REQUIRED ACTION → Leave the pictures out and print, word for word, the lines below from the one with "available at Qortuba" through the final line.

DATA SUPPLIED →
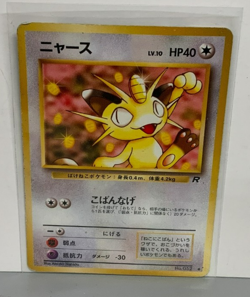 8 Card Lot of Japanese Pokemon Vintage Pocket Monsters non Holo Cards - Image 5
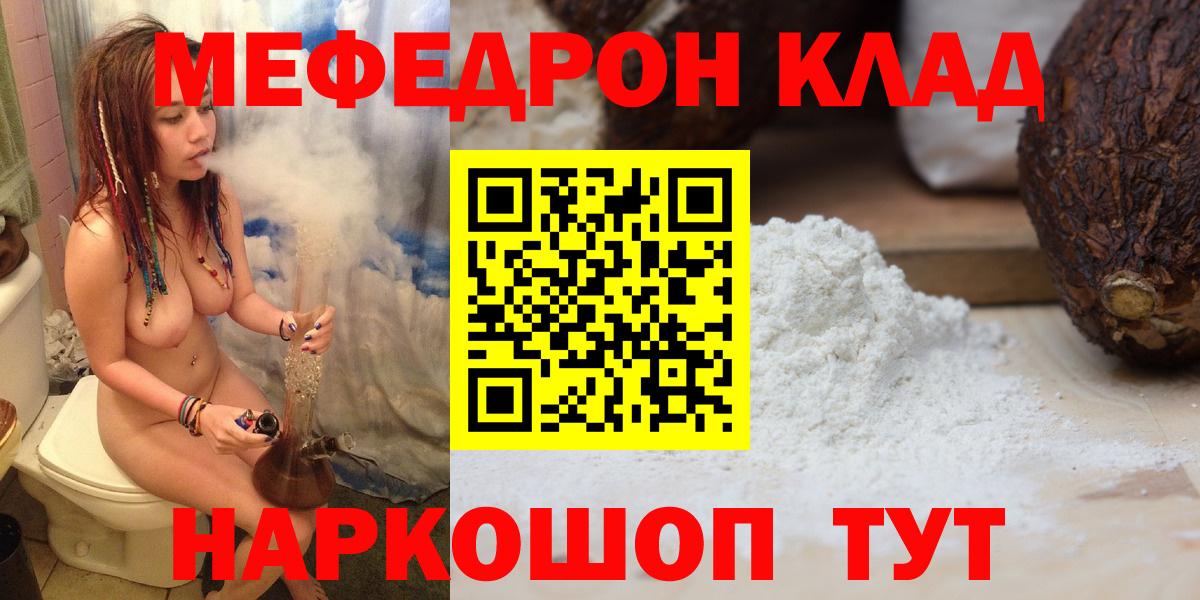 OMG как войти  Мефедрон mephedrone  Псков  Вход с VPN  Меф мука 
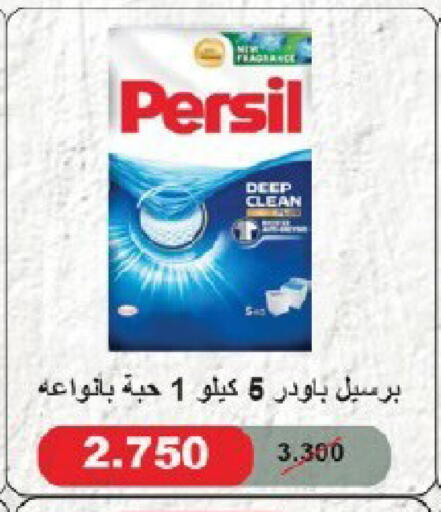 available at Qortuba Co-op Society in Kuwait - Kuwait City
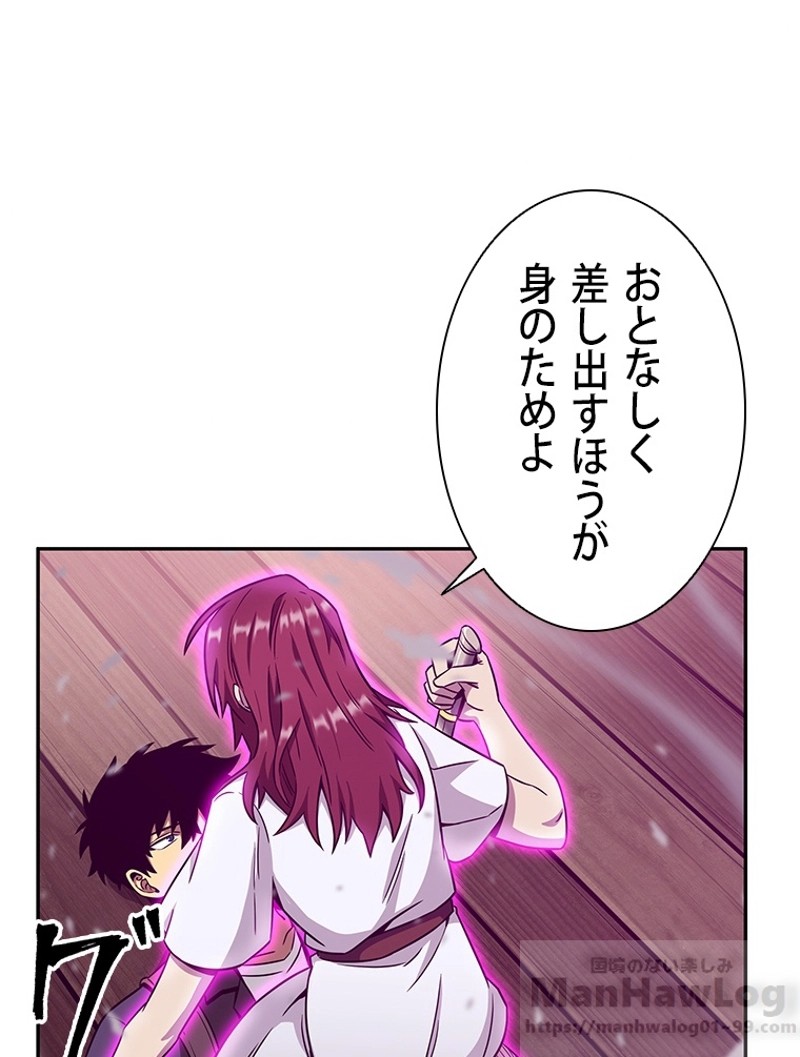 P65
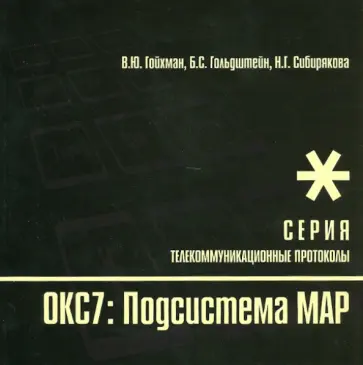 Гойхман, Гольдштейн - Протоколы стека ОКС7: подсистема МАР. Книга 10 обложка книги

COMPLETED EXERCISE →
 available at Qortuba Co-op Society in Kuwait - Kuwait City
 P65
 Гойхман, Гольдштейн - Протоколы стека ОКС7: подсистема МАР. Книга 10 обложка книги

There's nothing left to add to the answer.